Sea level rise

Sea level rise

Sea level rise is probably one of the biggest threats imposed on us by climate change. Sea level rise is the reason why we study glacier recession. Our current best estimates suggest that we should expect around 60 cm of sea level rise by 2100 AD. Just a small increase in sea level is enough to severely increase the damage done by storm surges. It will worsen coastal erosion, particularly in eastern England, flood low-lying areas in Britain and mean that the Thames Barrier will need to be replaced.

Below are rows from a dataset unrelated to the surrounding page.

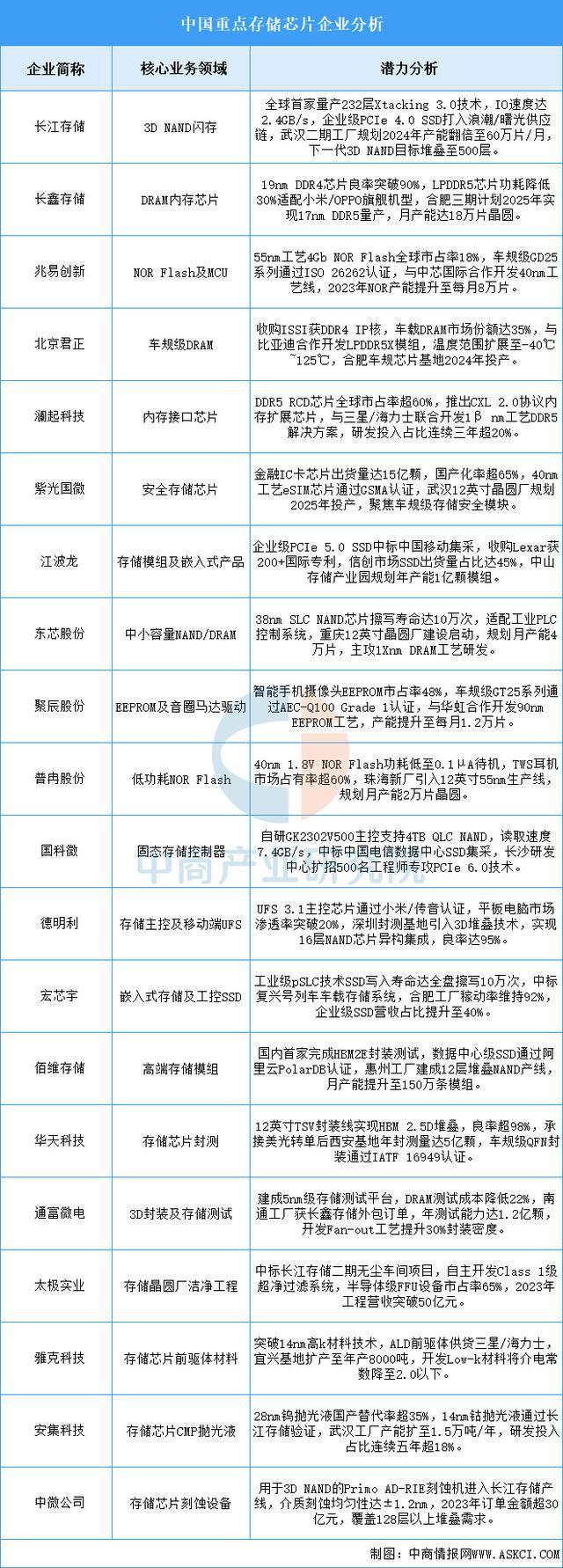 2025年中国通信模组产业链图谱及投资布局分析(图6)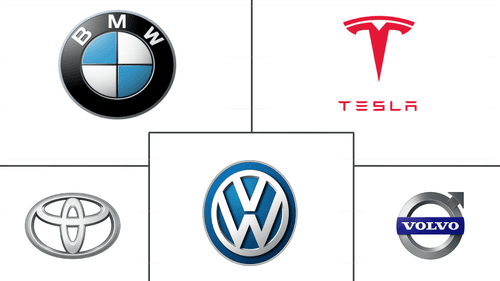 Norway Electric Cars Market Major Players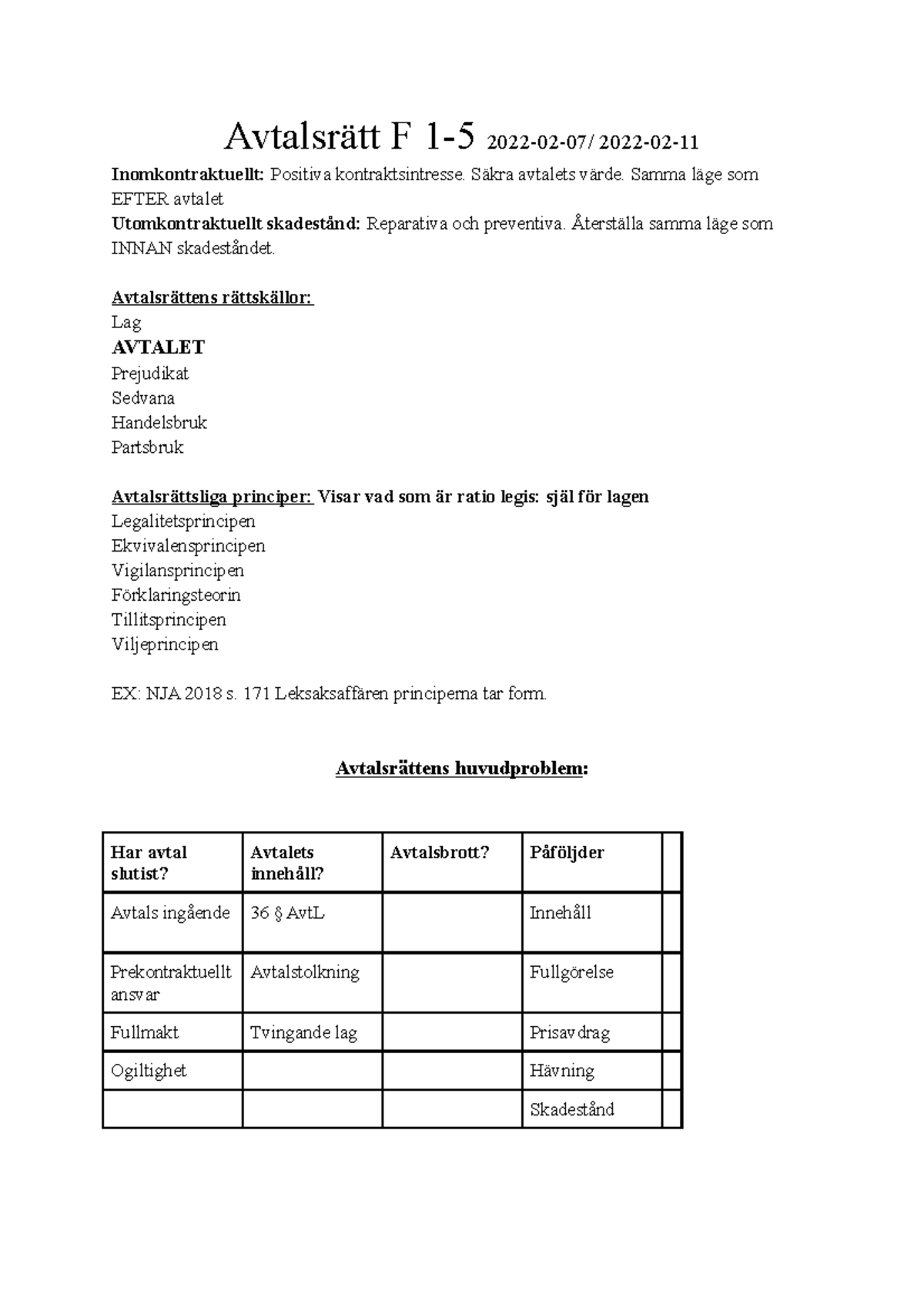 Avtalsrätt - Säkra Avtalets Värde. Samma Läge Som EFTER Avtalet ...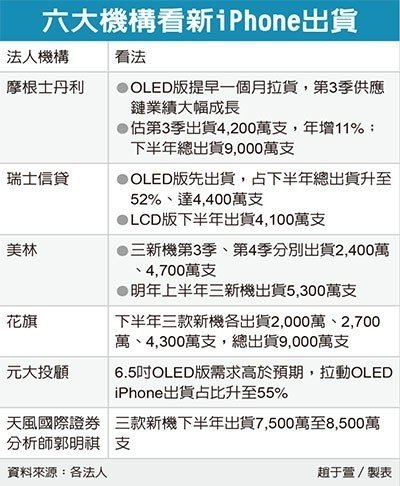 經濟日報提供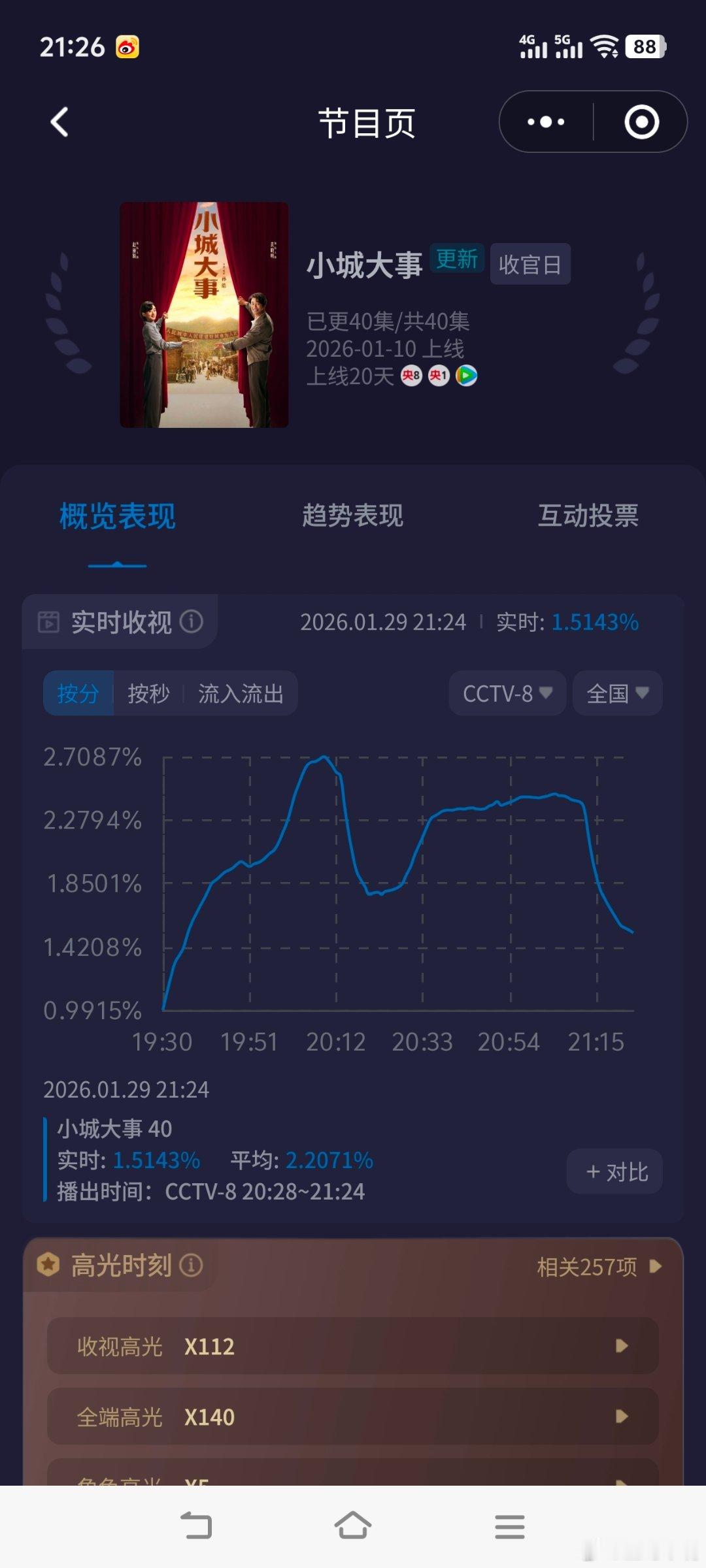 黄晓明的权威我先知后觉赵丽颖黄晓明《小城大事》今晚央八收官！大结局酷云走势如下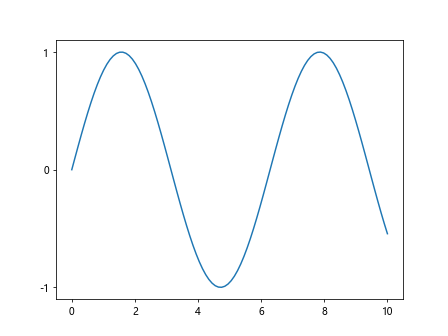 Comprehensive Guide to Matplotlib.axis.Axis.set() Function in Python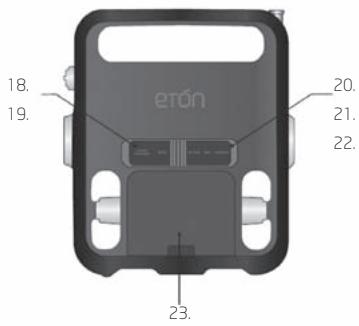 ETON FR600RDS - Emplacement des commandes - 2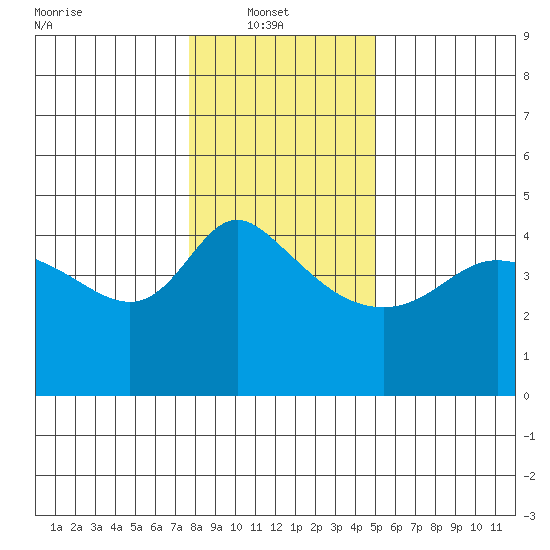 Vancouver tide chart for Monday, January 20, 2025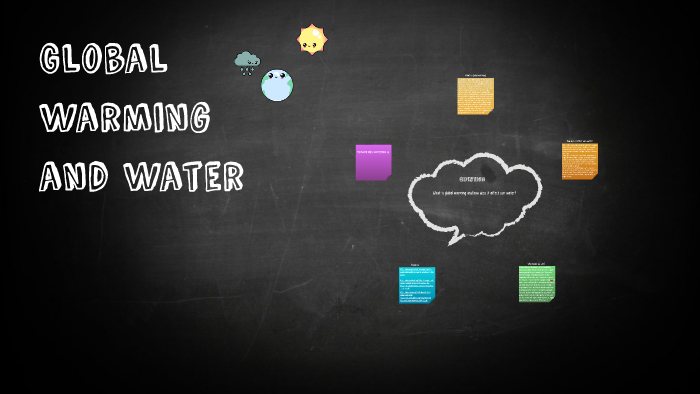 Global Warming and Water by Priya J on Prezi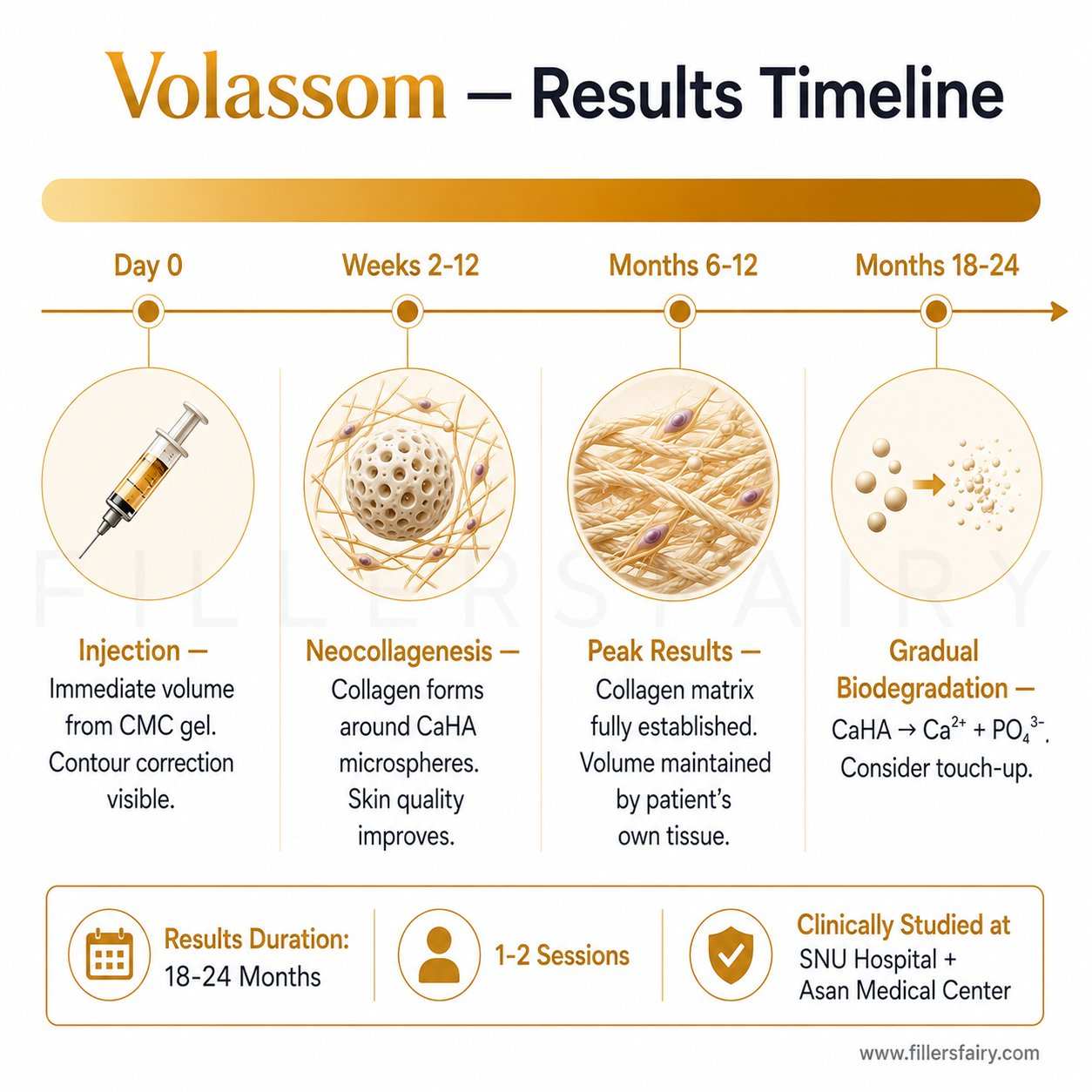 Volassom treatment timeline and collagen generation schedule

This small increase in sea level rise will come mainly from thermal expansion of the ocean and from contributions from small glaciers and ice caps. There is likely to be only a small contribution from the Antarctic and Greenland ice sheets over the coming century. However, the collapse of the West Antarctic Ice Sheet could rapidly increase sea levels by around three metres.

We need to be able to understand how much sea level will rise over coming centuries. If we know how much sea levels will rise, we will be able to put in place adaptation and mitigation strategies that will avoid the worst of the impacts. This is the focus of most of our research; understanding the relationship between glaciers and climate, and investigating past rates and magnitudes of change. We want to understand the processes by which glaciers, ice caps and ice sheets melt and contribute to sea level rise, and we are always trying to reduce uncertainty in future projections.